Spanish police smash Banksy fakes syndicate


Police in Catalonia have claimed to have smashed a ring of scammers who allegedly forged works by street artist Banksy and sold them across Europe and the US for up to €1,500 (£1,280) apiece.

Officers arrested two people in the north-eastern Spanish city of Zaragoza where the fakes were allegedly made and two others suspected of having put the works on sale, Catalonia’s regional police force said in a statement.

Police suspect the ring sold at least 25 works made with spray paint on cardboard, in specialised shops, Barcelona auction houses and online to customers in Germany, Scotland, Switzerland, Spain and the US.

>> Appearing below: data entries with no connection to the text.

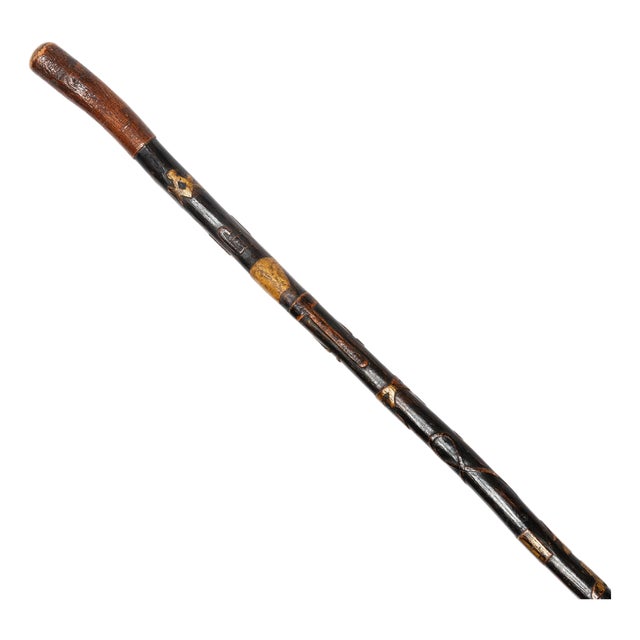 American Carved Folk Art Masonic Walking Stick Cane For Sale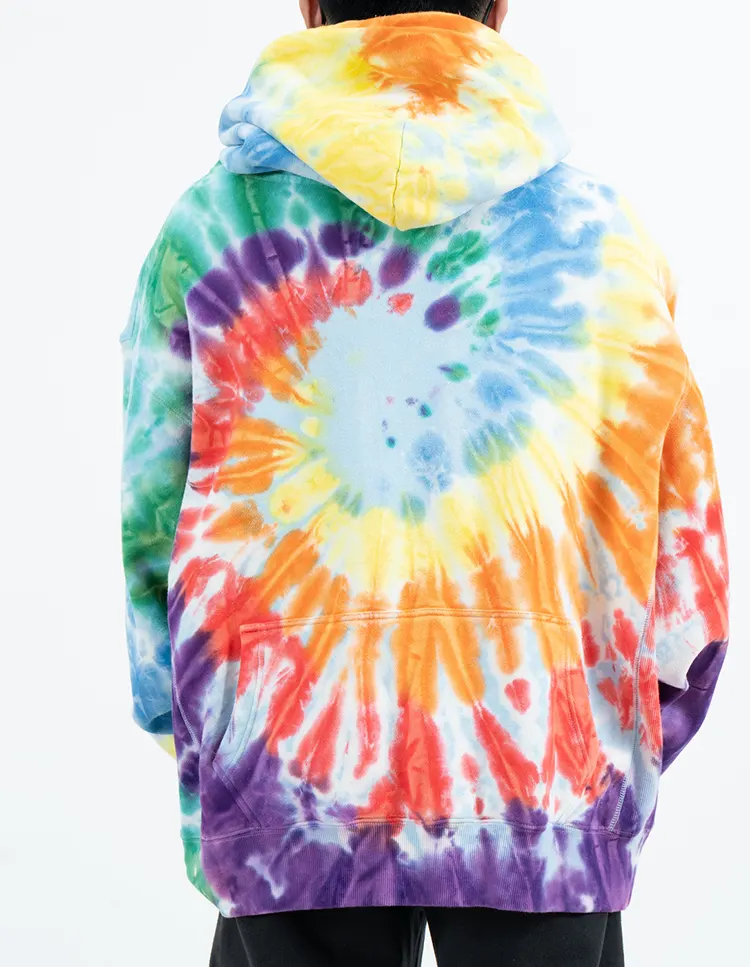 Oversized Pullover Hoodie with Multicolor Spiral Tie-Dye Effect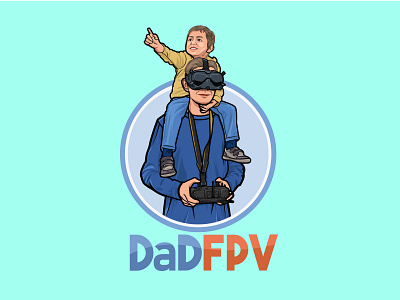 Dad FPV art branding design flat graphic design icon illustration illustrator logo vector
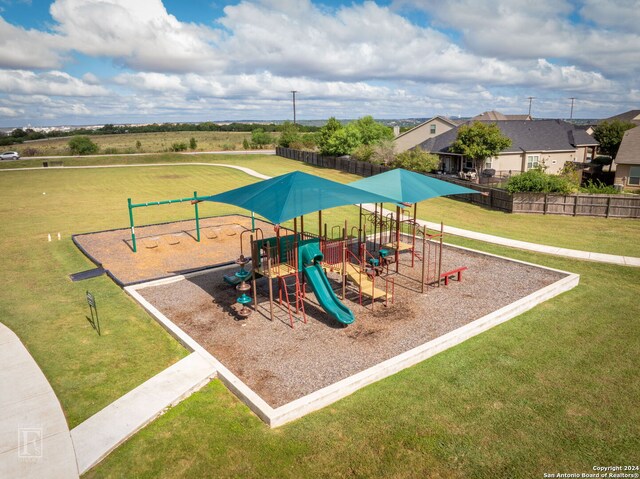 view of jungle gym with a yard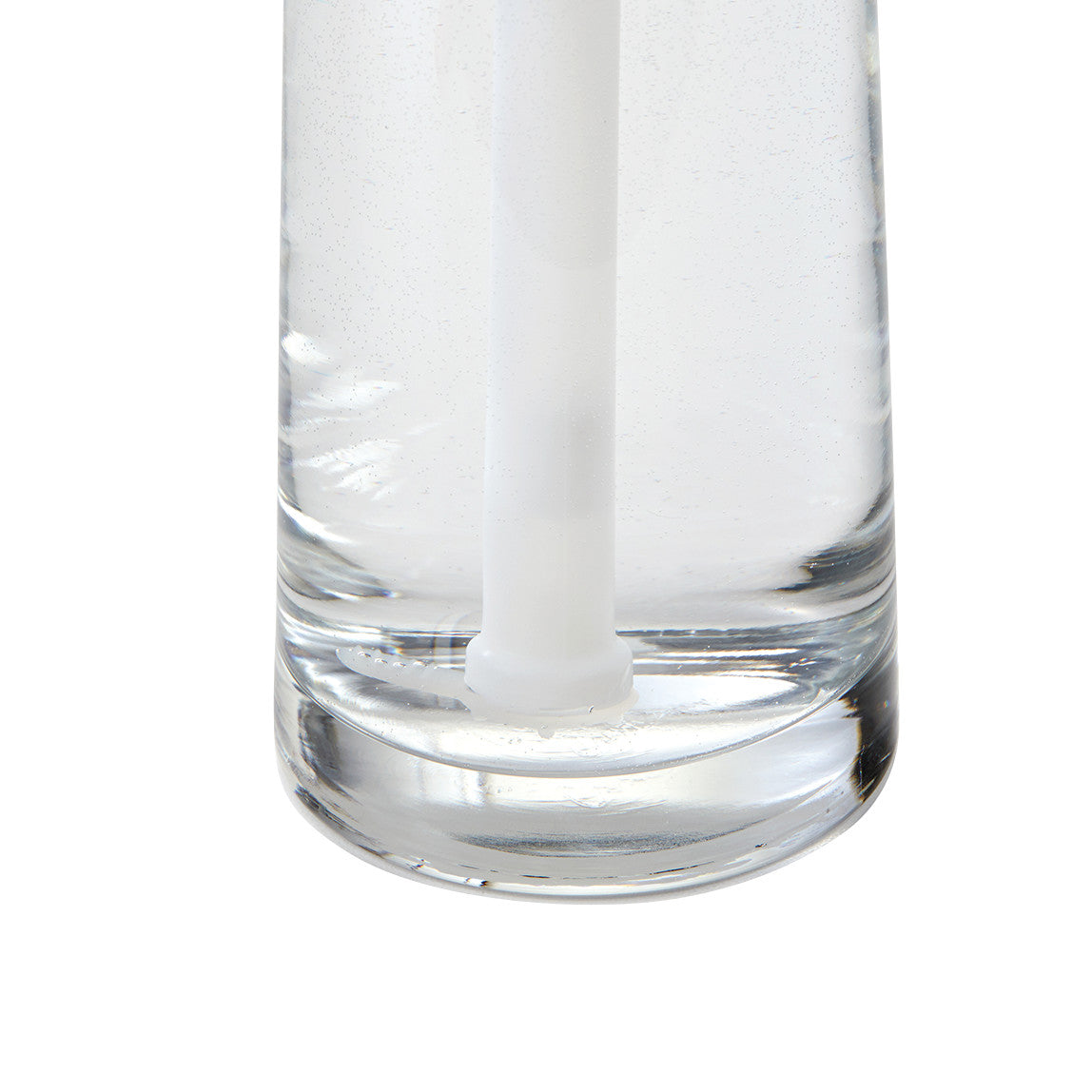 Close-up of the SafeStraw, a clear liquid-filled container with a white straw inside.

While the two people who made the copies of Banksy’s work mostly sold them at “reasonable prices no higher than 80 euros”, the two individuals with “knowledge of the art world” found ways to fetch much higher prices by passing them off as real. Together, the group’s swindle is believed to have gained more than €10,000, with some of their victims paying €1,500 for individual works.

The ring forged certificates claiming the works had been created by Banksy as part of his Dismaland project, a temporary exhibition that resembled a depressing theme park set up in 2015 in Weston-super-Mare, an English seaside town near Banksy’s home city of Bristol.

The exhibition, tagged as “the UK’s most disappointing new visitor attraction”, featured a decrepit fairytale castle in a moat of murky water and model boats on a pool full of refugees. The works sold by the scammers were accompanied by photocopied receipts for Dismaland tickets, designed to create an impression of authenticity.

Banksy, whose identity has never been revealed, has over the last 20 years risen from being a graffiti sprayer in Bristol to being one of the world’s most coveted living artists. Originally famous for his spray-paint murals in unexpected public places, his movable artworks generated a combined total of $184.7m (£144m) at auctions between 2004 and 2020.

His most expensive piece of work, Love is in the Bin, a half-shredded canvas of one of his previous creations, sold for £18.6m at auction in 2021.

In response to the growing circulation of fake Banksy artworks, the artist in 2009 set up a company, called Pest Control, to authenticate works bearing his name. Police in Catalonia said it worked with Pest Control to establish that the artworks and their certificates sold by the Zaragoza ring were fake.

Police said they started investigating in July last year after several similar Banksy works appeared on the market around the same time. In December, they uncovered the workshop in Zaragoza in December where two “young followers of Banksy’s urban art who had economic problems” created the works, the statement said.

The investigation remains open and police have not ruled out further arrests.